IN THE HIGH COURT OF MALAWI
CIVIL CAUSE NO. 2173 OF 1997
NJOLOMOLE (DECEASED)…………………………………….2ND PLAINTIFF
M J BANDA …………………………………………………………….DEFENDANT
Msiska, Counsel for the Plaintiff.
Ngwira, Counsel for the Defendant
This is this court’s order on assessment of damages. The assessment of damages is done pursuant to a consent judgment in favour of the plaintiff for damages for personal injuries suffered by both plaintiffs. The 1st plaintiff and her child the 2nd plaintiff were hit by the defendant’s motor vehicle.
The 1st plaintiff suffered abrasions of the right upper arm. That is the evidence of the plaintiff’s injuries as per her own medical report. The medical report does not confirm the rest of the injuries the 1st plaintiff alleged she had suffered in the accident herein. The rest of the alleged injuries alleged to have been suffered by the 1st plaintiff are therefore disregarded in view of the medical evidence. As a result of her injuries on the arm the 1st plaintiff still fells pain. She had to be admitted in hospital for treatment for a period of 3 months. In the same accident the 1st plaintiff’s child of 6 years of age died. It is clear herein that the plaintiffs are entitled to damages for personal injuries. And thus damages for pain and suffering in relation to the 1st plaintiff and damages for loss of expectation of life with regard to the 2nd plaintiff’s estate.
Such damages are awarded to compensate the plaintiff for injuries suffered due to the defendants’ negligence. See Livingstone v Rawyards Coal Company (1880) A. C 25. Such damage are not capable of quantification in money terms with mathematical precision. As a result courts use decided cases of comparable nature as a guide in arriving at appropriate awards in each particular case. That ensures some general degree of uniformity and consistency in civil justice. See Wright v. British Railways Board (1983) 2 A.C 773. This court further notes that to achieve justice it has to consider the facts in each particular case and avoid sticking to consistency in awards at the expense of justice being done to the parties. See Heil v. Rankin  2 W L R 1173 at 1186 per Lord Woolf M. R.
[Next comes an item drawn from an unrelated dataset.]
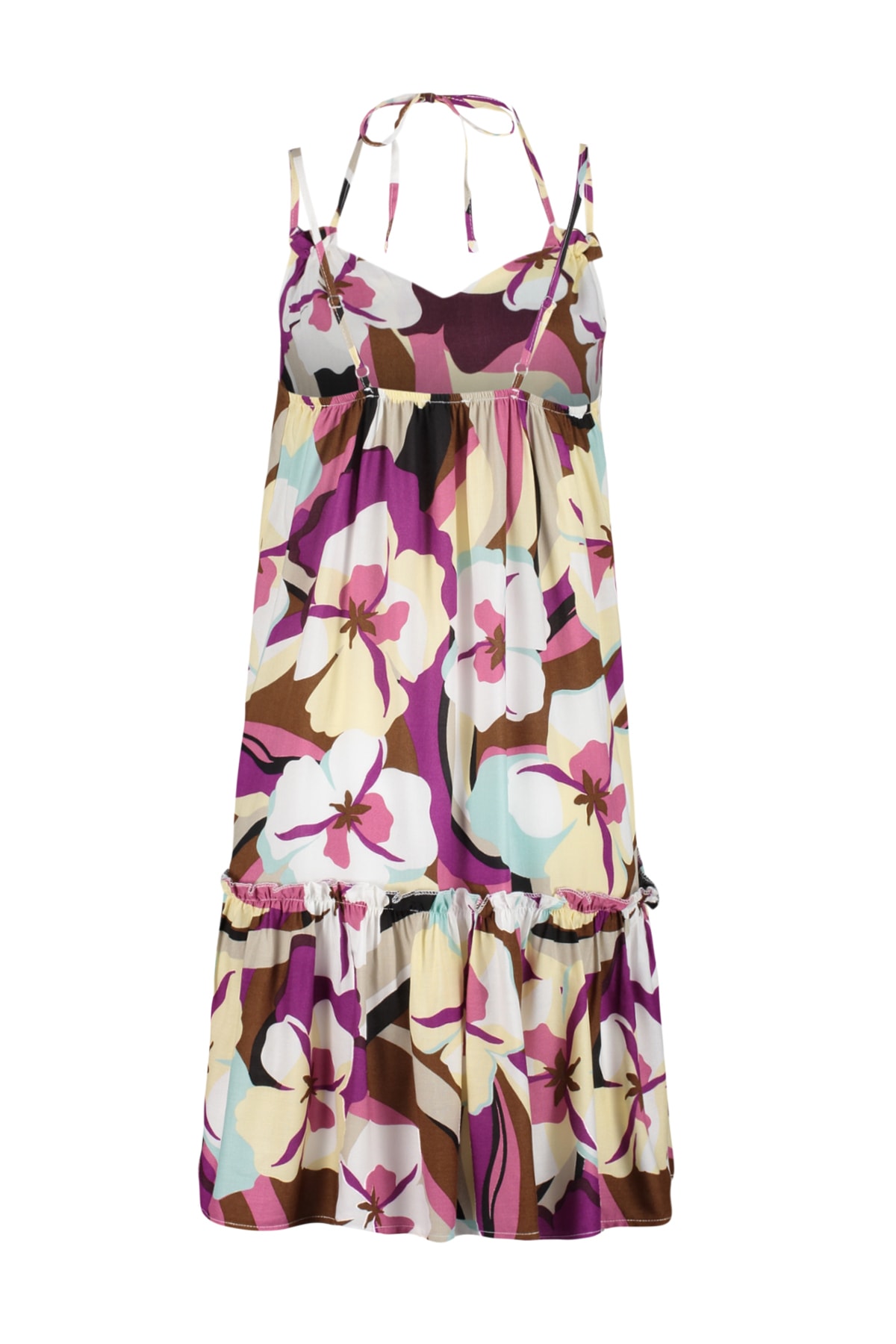 Trendyol roz larg tăiat mini țesut model țesut rochie țesută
This court has considered the 1st plaintiffs’ injuries. She must have suffered a lot of pain from those injuries as well as from the treatment of the same. This court has considered awards in recent cases in which plaintiff’s suffered similar injuries. One such case is that of Mpeketula and another v. Kiwi Brands Ltd and Prime Insurance Company Ltd Civil Cause Number 2420 of 2002.
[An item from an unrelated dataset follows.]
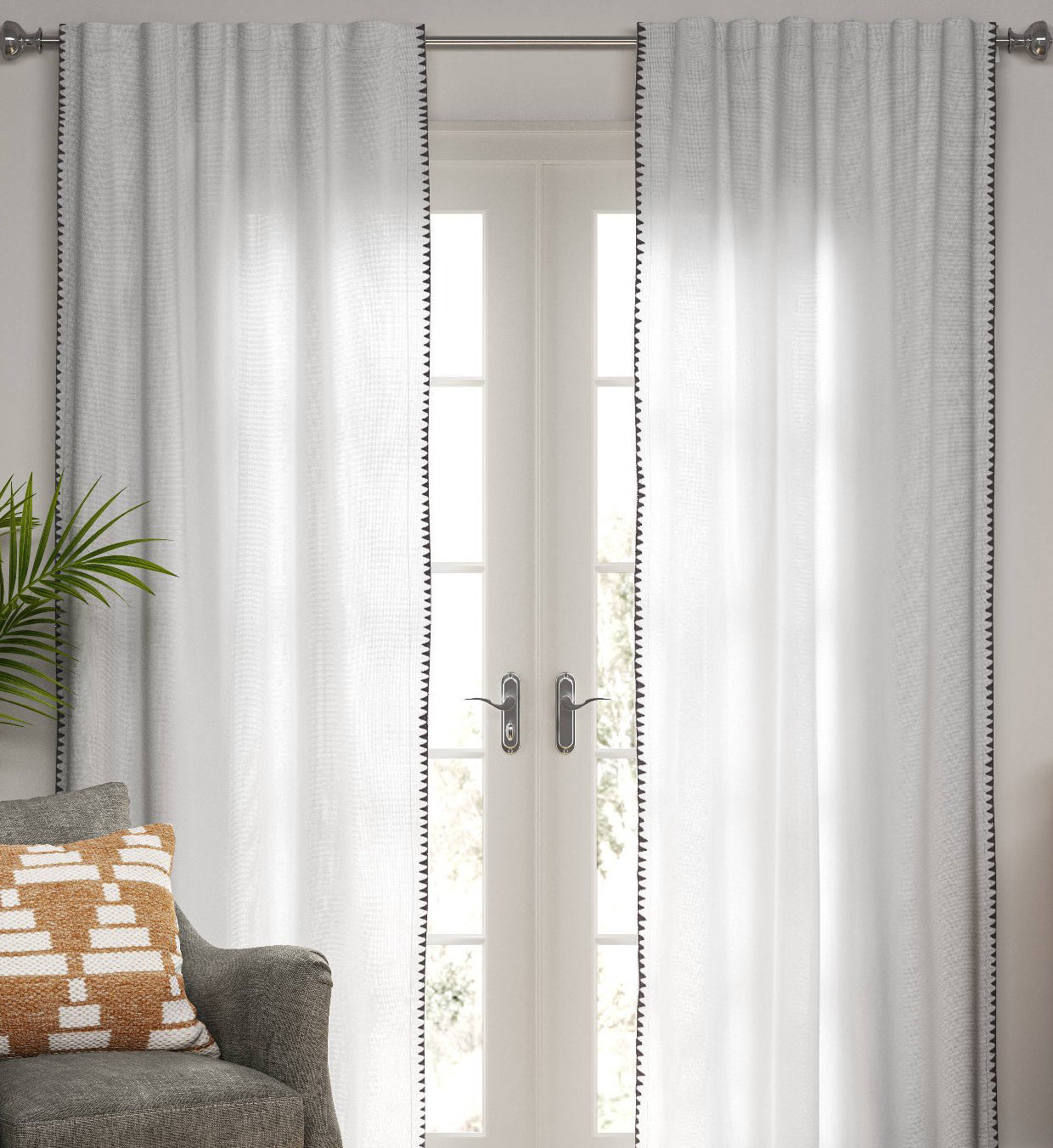 1pc 54’’x84’’ light filtering stitched edge curtain panel cream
The 2nd plaintiff in that case had been hit by the 1st defendants’ motor vehicle. Consequently the 2nd plaintiff violently landed on the tarmac suffering a dislocated right knee, a cut on the right hand and bruises on the right shoulder. A sum of K80,000.00 was awarded to that 2nd plaintiff as damages for pain and suffering and loss of amenities of life. It is noted that the injuries suffered by the 1st plaintiff herein are comparable to the ones suffered by the 2nd plaintiff in the Mpeketula case above. But the award in the Mpeketula case was made in December, 2002. Since then the value of the Kwacha has fluctuated down wards. In the circumstances of the present case this court is of the view that a fair award to the 1st plaintiff be K70,000.00. The sum of K70,000.00 is therefore awarded to the 1st plaintiff as damages for pain and suffering. With regard to the 2nd plaintiff’s claim for loss of expectation of life this court notes that such a claim is maintainable on behalf of her estate. See Rose v Ford (1937) A. C 826. The award of damages in such cases is conventional. This is because it is impossible to quantify loss of expectation of life with mathematical precision. See Cain v. Wilcock  All ER 817.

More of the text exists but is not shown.